Array.prototype.filter() works similarly to map(), being a non-destructive function which iterates through each item in an existing array. The key difference between filter and map is that filter accepts a function predicate as the callback function, which is a function that returns a boolean value. The result of this predicate function determines whether the element should be included in the array. In short, it filters out values that do not pass the function predicate-test.\ \ Another method available to us on the Array-prototype is Array.prototype.every(). This method returns a boolean value, and it tests whether every element in the array passes the test implemented by the provided function. If every element passes the test, it returns the value true.\ \ Now, let’s try to apply these higher-order functions to our lottery application to determine the winner(s) of the lottery.

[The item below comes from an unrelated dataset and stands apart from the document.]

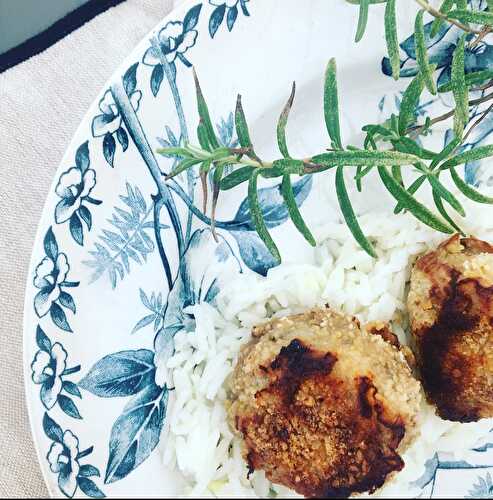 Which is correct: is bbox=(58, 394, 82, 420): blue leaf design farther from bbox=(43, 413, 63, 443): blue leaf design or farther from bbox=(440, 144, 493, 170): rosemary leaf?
bbox=(440, 144, 493, 170): rosemary leaf

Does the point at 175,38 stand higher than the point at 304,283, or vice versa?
the point at 175,38

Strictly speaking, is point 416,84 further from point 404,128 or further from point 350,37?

const winningNumbers = [1, 2, 3];
const winners = contestants.filter((contestant) =>
  contestant.lotteryNumbers.every((number) => winningNumbers.includes(number))
);
console.log(winners);

While the previous example consisted of double for-loops and manual iteration of the two arrays, this solution actually accomplishes the same feature as the previous example in just one line, by using two of the built-in higher-order functions in JavaScript! Since filter() can transform our contestants-array the way we want, we can apply every() as the function predicate to our filter function. This method returns true if all lottery-numbers are included in the winning-numbers-array, and thus only the winners of the lottery are added to our winners-array.

Computing with reduce

Now, after the lottery result is official, the organizers of the Duckburg-lottery have given us one final task. They want to know how much prize money they have to pay out to the winners of the lottery. As mentioned earlier, the winners of the lottery got a whopping prize of $1,000,000.\ \ Now, we need to compute a single value based on data from our array. We need to apply the same logic as when determining the winners of the lottery, but we need to accumulate a single value based on the data instead of creating a new array with winners. Array.prototype.reduce() is the higher-order-function that represents this pattern. Reduce builds a value by repeatedly taking a single element from the array and combining it with the current value. The parameters to the reduce-method is a combiner-function as well as a start value. The combiner-function takes two parameters, the accumulated value based on the iteration up until now and the next item in the array.\ \ In order to determine the prize money to be paid out for the lottery we can utilize the reduce-method like this:

const LOTTERY_PRIZE = 1000000;
const prizeMoney = contestants.reduce((accumulatedPriceMoney, contestant) => {
  if (hasWonLottery(contestant)) {
    return accumulatedPriceMoney + LOTTERY_PRIZE;
  }
  return accumulatedPriceMoney;
}, 0);

console.log(prizeMoney);

Summary

The ability to pass functions as values to other functions is a very useful aspect of JavaScript. Higher-order functions allow for abstraction of iteration, filtering and value accumulation, and enable developers to instead focus on clean and readable code.\ The fact that higher-order functions are data-type agnostic when operating on data is also a nice feature, meaning that filter() works just as well filtering on strings as it does on numbers or any other data type you might specify in your function argument.\ \ Another key feature that the higher-order functions enforce is loose immutability. You never have to worry about mutating the existing array and having weird side effects, instead you create new values which you either can chain with another higher-order function or you can consume them later in your program.

Higher-order functions have certainly made my daily life as a JavaScript-developer much easier, and as a nice little bonus, I have stopped writing manual for-loops!